ECONOMY

EU Commission seeks to boost trade across the Cyprus divide

NICOSIA (Reuters) – The European Commission is trying to broaden trade between the divided sides of Cyprus to foster closer business links, Commission officials said yesterday. A review now in progress would include the possibility of permitting trade in goods such as citrus fruit and fish products, now excluded from cross-island trade, they said. «We hope that by the end of this year we can extend the scope of the Green Line regulation to foster closer business links,» said EU Cyprus representative Adrian van der Meer. «In the past two months, we have gained some experience and the review is aimed at broadening the scope of the products traded across the Green Line,» he told Reuters. EU-sanctioned trade between Cyprus’s ethnically divided Greeks and Turks is governed by the so-called «Green Line Regulation» started in August. But the first attempt at trade fell foul of EU rules because it was a truckload of fish. No animal products are currently allowed to cross the line, etched out in a Turkish invasion in 1974 triggered by a Greek-Cypriot coup engineered by the military then ruling Greece. Cyprus joined the European Union last May but effective membership is restricted only to the Greek-Cypriot south. The Turkish-Cypriot north is a breakaway state recognized only by Ankara and hobbled economically by its inability to freely trade with the outside world.
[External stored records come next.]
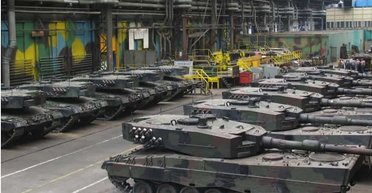 Украина потеряла 40 танков Leopard с начала российского вторжения, — Business Insider (фото)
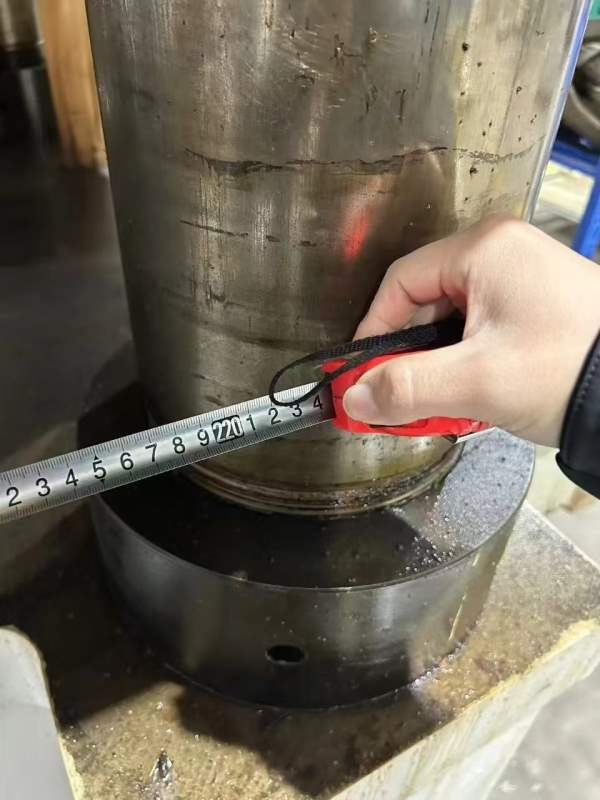 1200T压门板的液压机，有同行收吗？价钱便宜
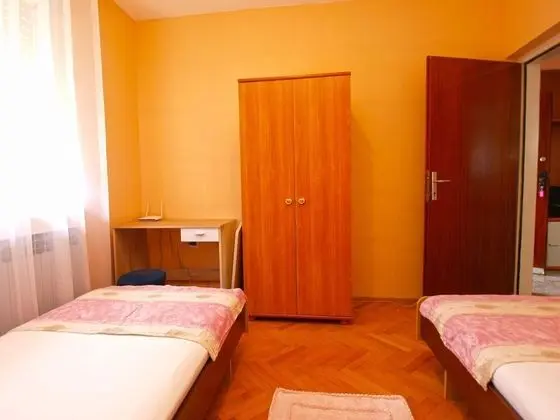 Apart Daire, 2 Yatak Odası (1124/13338)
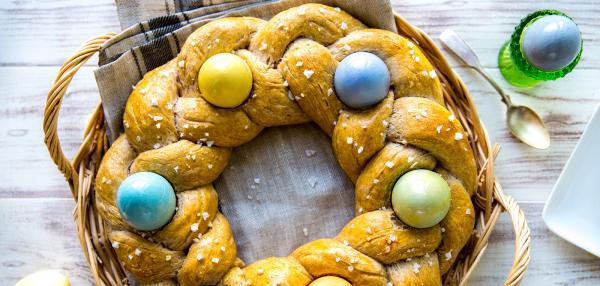 Pääsiäisen leipäkranssi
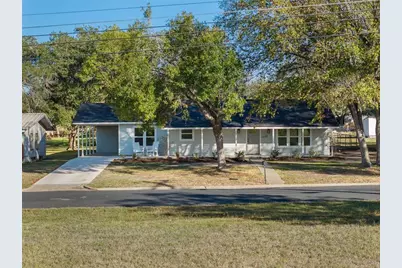 911 Eilers Street, Schulenburg, TX 78956 - Photo 1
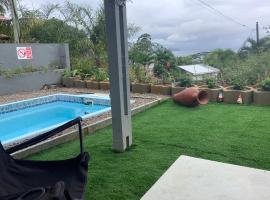 Eco Lodge Self-Catering 1-2，位于马埃岛的木屋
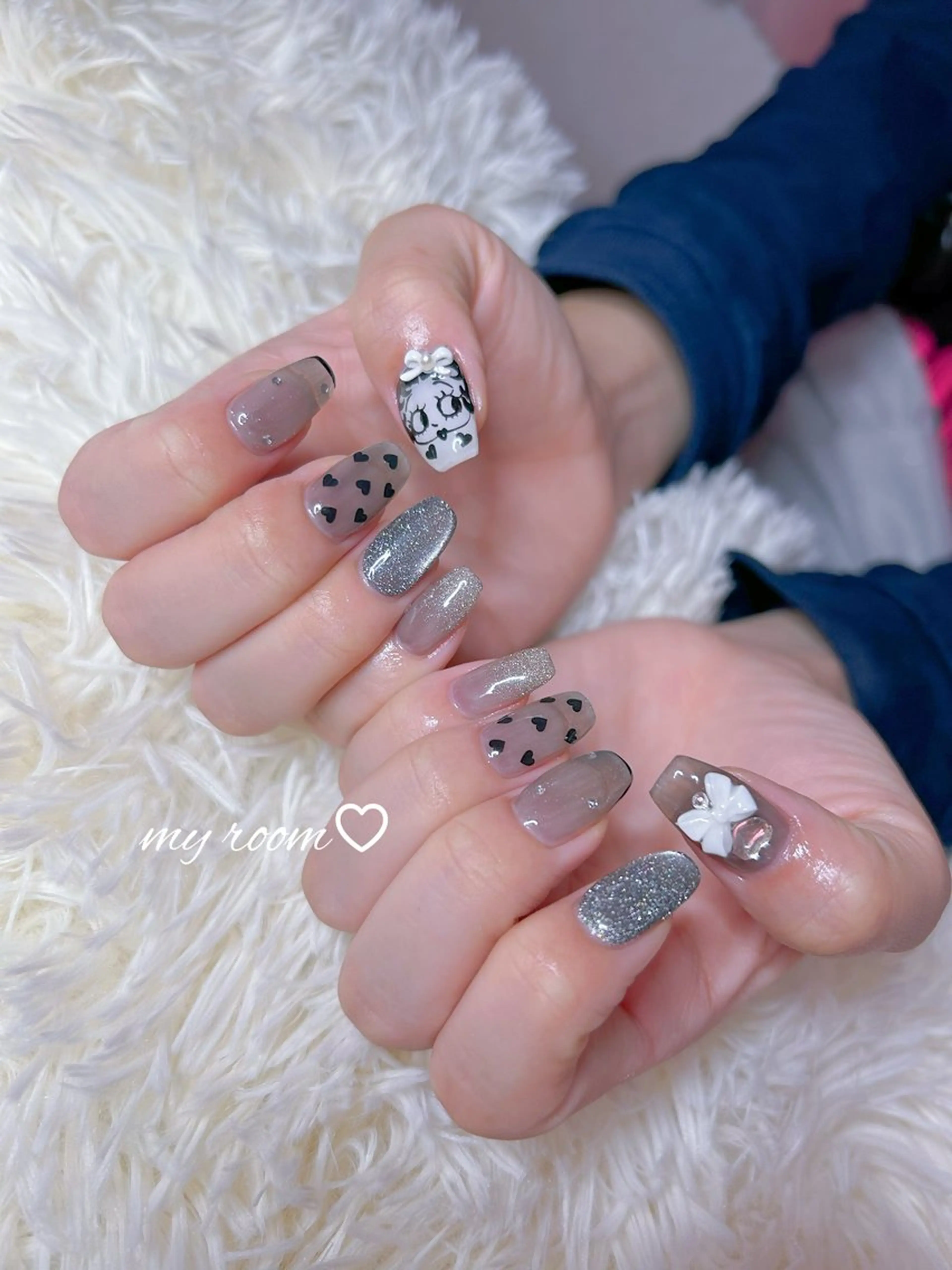 ネイル うるま市サロン Yuko Izawaのネイルデザイン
In the week before EU membership, Greek Cypriots rejected a UN plan to reunite Cyprus, angering the international community. The plan was approved by a Turkish-Cypriot referendum. The restrictive nature of the present trade regulations has drawn complaints from Turkish-Cypriot businesses, which say they are not enough to lift the economic isolation of northern Cyprus. In the past two months, trade has been valued at 120,000 euros ($152,400). A broader scope for trade would still have to comply with EU requirements, Commission official Leopold Maurer told a trade conference. «It is not 100 percent sure that we would include fish and honey, we only provide the possibilities to include them, but it has to be discussed because it has to fulfill all the veterinary requirements in the field of animal products. «We are very strict with our rules in those fields. We will foresee a special regime for animal products that are now excluded,» he said.